C-250/14 en C-289/14 Air France - KLM ea

Contentverzamelaar

C-250/14 en C-289/14 Air France - KLM ea

Gevoegde prejudiciële hofzaken
 

Zie bijlage rechts voor de verwijzingsuitspraken
Klik hier voor C-250/14 en hier voor C-289/14 voor de volledige dossiers van het Hof van Justitie

Termijnen: Motivering departement:   29 juli 2014
(Concept-) schriftelijke opmerkingen:   15 augustus 2014
Schriftelijke opmerkingen:                   15 september 2014
Trefwoorden: btw; verrichten van diensten; tenietgaan overeenkomsten

Onderwerp
Richtlijn 2006/112/EG van de Raad van 28 november 2006 betreffende het gemeenschappelijke stelsel van belasting over de toegevoegde waarde

Luchtvaartmaatschappijen Air France/KLM (zaak C-250/14) en Brit Air (C-289/14) hebben een meningsverschil met de FRA belastingdienst (verweerster) over een hen opgelegde naheffing btw. Zowel de rechter in eerste aanleg als het Hof van Beroep hebben verweersters vordering toegewezen, waarna verzoeksters in hoger beroep zijn gegaan bij de verwijzende rechter. Het geschil betreft de verrekening van btw over (sinds 1999!) voor binnenlandse vluchten afgegeven, maar niet gebruikte tickets. Verzoeksters hebben de opbrengst van die tickets, inclusief de btw, niet aan de belastingdienst opgegeven. Zij stellen dat het gaat om twee verschillende overeenkomsten, een vervoers- en een boekingsovereenkomst. In onderhavige gevallen gaat het niet om het verrichten van een vervoersdienst maar vormt de opbrengst een opzeggingsvergoeding die niet aan belastingheffing is onderworpen.
Verweerster heeft na een controle een naheffing gevorderd over 2000 – 2003 tegen een verlaagd tarief van 5,5%. Zij stelt dat de btw verschuldigd wordt op het moment dat de reis daadwerkelijk wordt uitgevoerd óf de verbintenissen van de vervoerder tenietgaan. Verzoeksters wijzen op de regeling in het FRA algemeen belastingwetboek dat belasting slechts verschuldigd is voor daadwerkelijk verrichte diensten, niet afhankelijk van opzegging door passagier en terugbetaling door verzoeksters.
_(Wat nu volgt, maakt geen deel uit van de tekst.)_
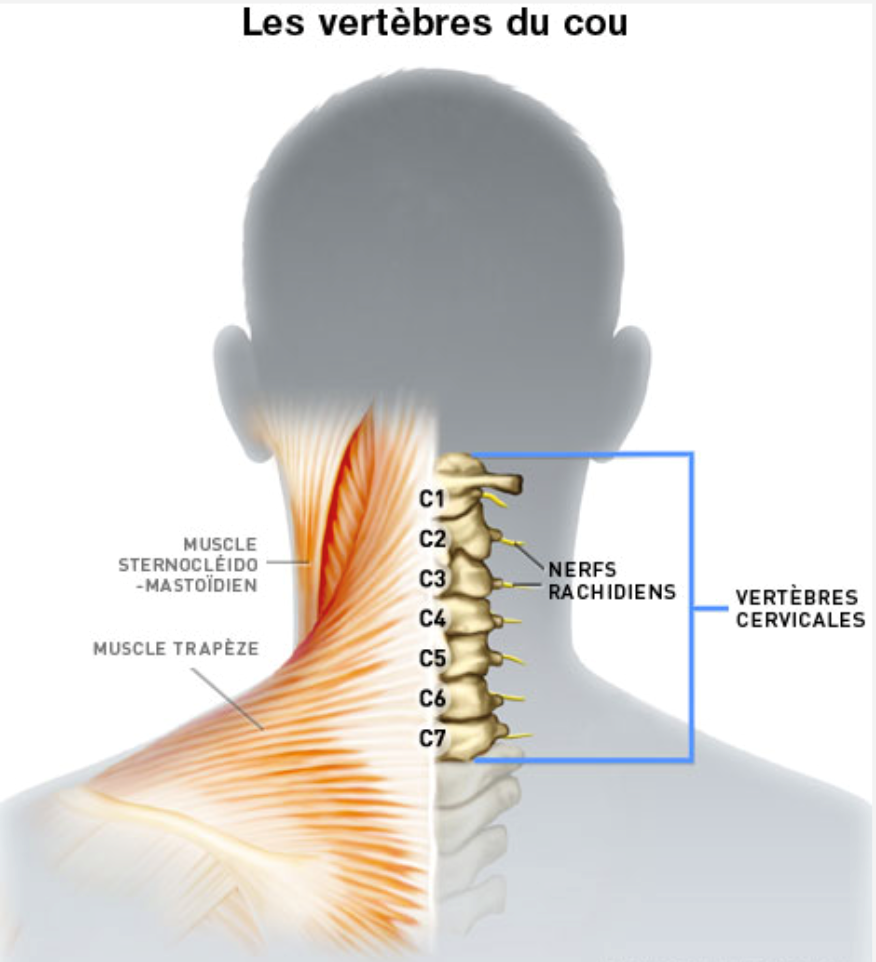 Canal cervical étroit - Chirurgie Orthopédique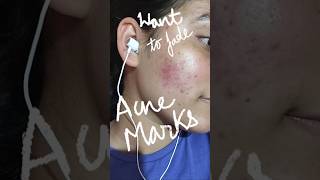 How i fade my acne marks #acnetreatment #acnescars #fadeacnemarks #acnepimples  #removeacnescars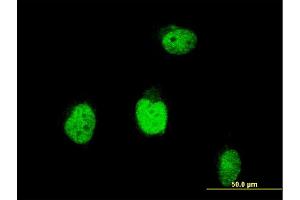 Immunofluorescence of monoclonal antibody to BLM on HeLa cell. (BLM 抗体  (AA 1196-1295))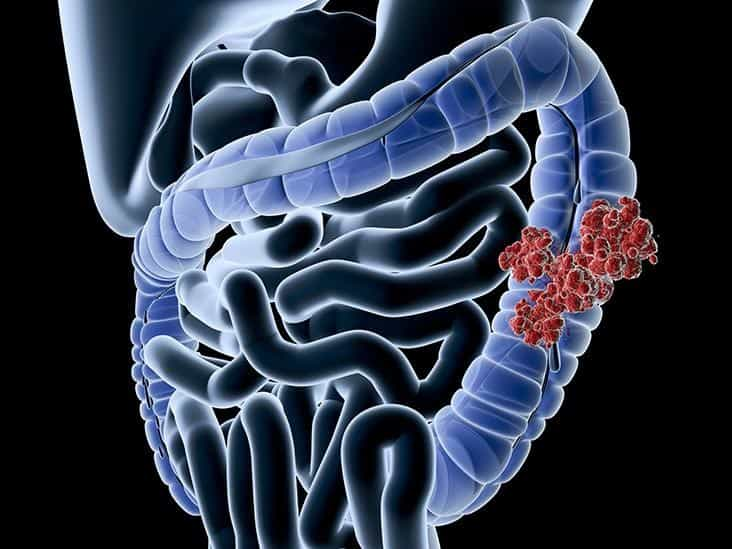 Various Symptoms of Colorectal Cancer and How to Recognize It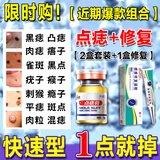 点痣膏水疤痕修复脸部去痣点痣膏官方正品祛斑点斑专用非药点疣水 限购组合装：黑痣首选款【到手3盒】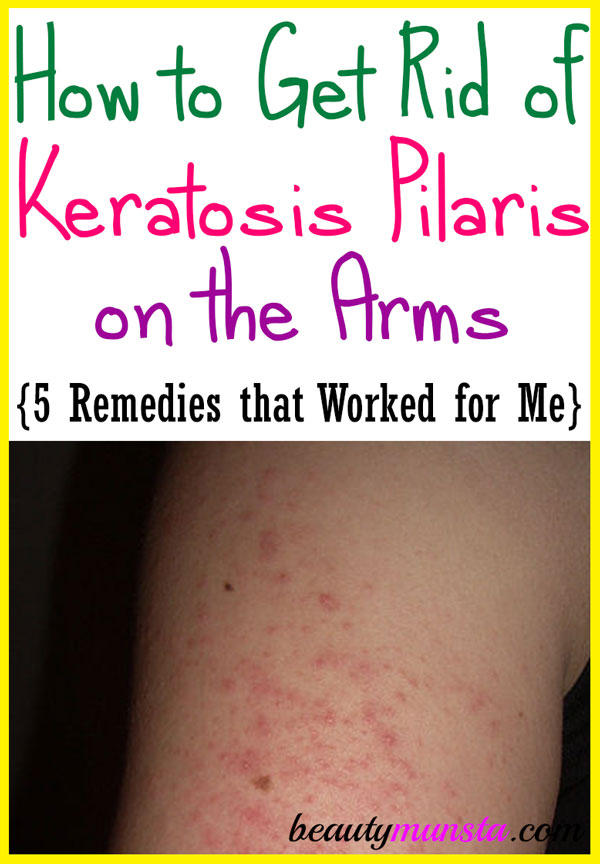 I know how to get rid of keratosis pilaris on arms naturally because I had it and now I don’t!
Verweerster stelt dat btw verschuldigd is over verkochte, niet gebruikte tickets daar de bedragen die verzoeksters ontvangen en voor zich houden beschouwd kunnen worden als tegenprestatie voor de door de passagier verworven luchtvervoerdienst, ongeacht of hij gebruik maakt van zijn recht om te worden vervoerd.
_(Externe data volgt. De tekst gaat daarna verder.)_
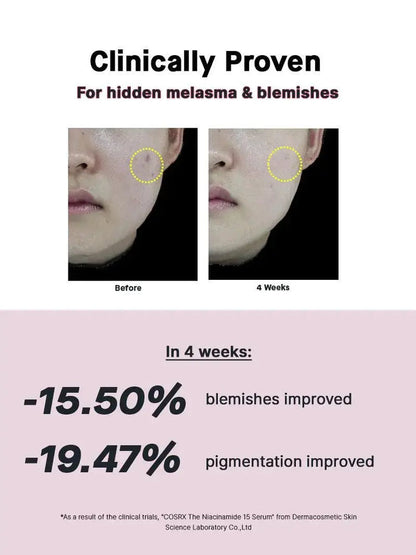 COSRX The Niacinamide 15 Serum 20 ml - DOKAN
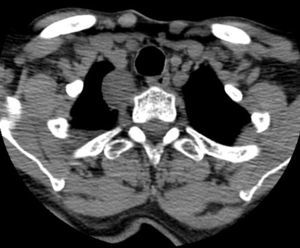 Tomografía computada torácica. Lesión en localización paravertebral derecha, posterior a la tráquea, y lateral al esófago.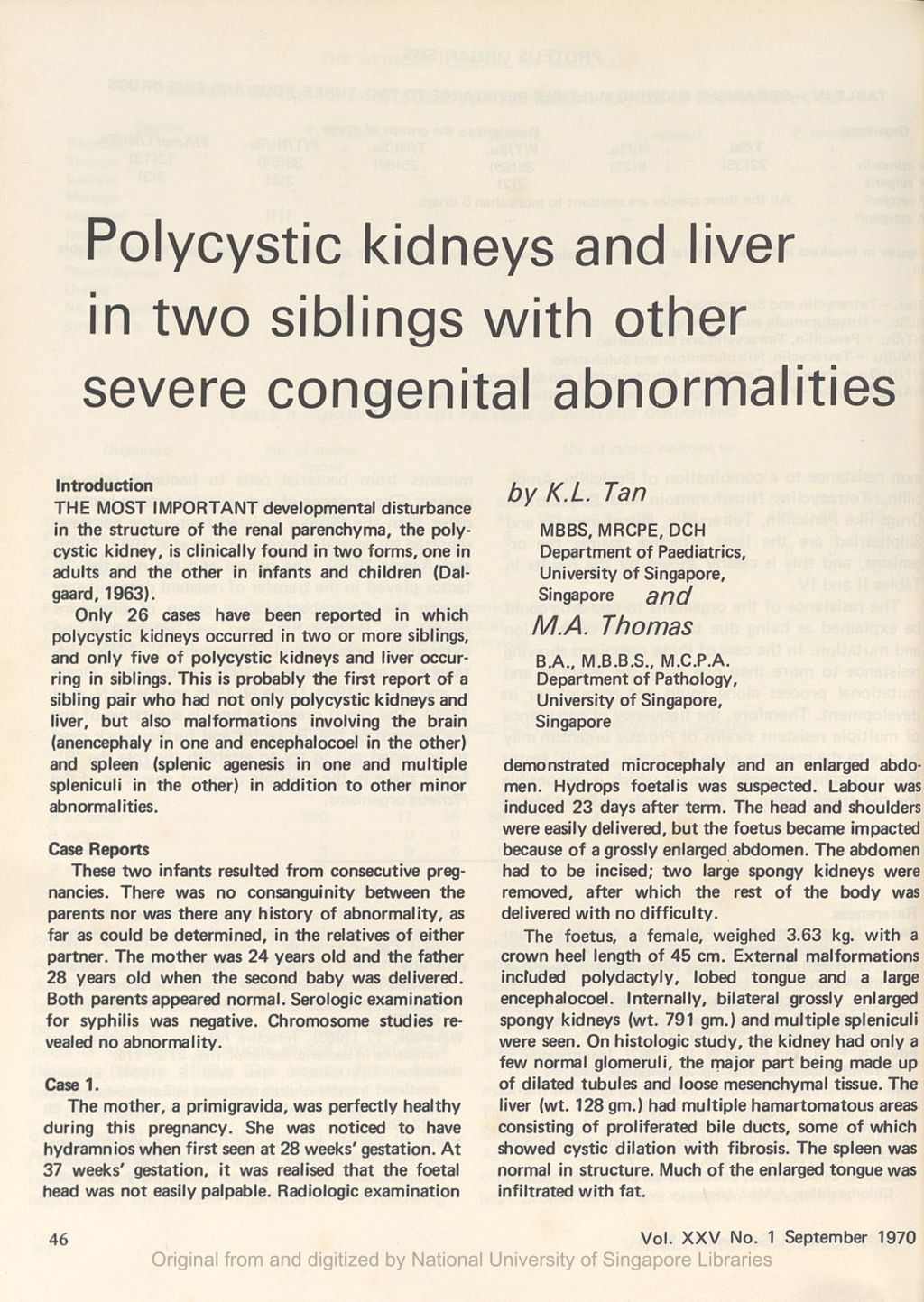 Miniature of Polycystic kidneys and liver in two siblings with other severe congenital abnormalities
De FRA RvS oordeelt dat alvorens uitspraak te kunnen doen, nadere uitleg nodig is van de artikelen 2, lid 1 en 10, lid 2 van de btw-RL. Als het betoog van verzoeksters juist is moet eveneens worden bepaald of de geïnde btw direct aan de Staat moet worden doorgestort, ook al is dan nog niet zeker of de reis daadwerkelijk gaat plaatsvinden. Hij stelt het HvJEU de volgende vragen:
1) Moeten de artikelen 2, lid 1, en 10, lid 2, van richtlijn 77/388/EEG van de Raad van 17 mei 1977 aldus worden uitgelegd dat de afgifte van een ticket kan worden gelijkgesteld met de daadwerkelijke verrichting van de vervoersdienst en belasting over de toegevoegde waarde verschuldigd is op de bedragen die een luchtvaartmaatschappij voor zich houdt wanneer de houder van een vliegtuigticket zijn ticket niet heeft gebruikt en dit is vervallen?
2) Zo ja, moet de geïnde belasting dan aan de staatskas worden doorgestort vanaf de ontvangst van de prijs, ook al vindt de reis mogelijk niet plaats door toedoen van de klant?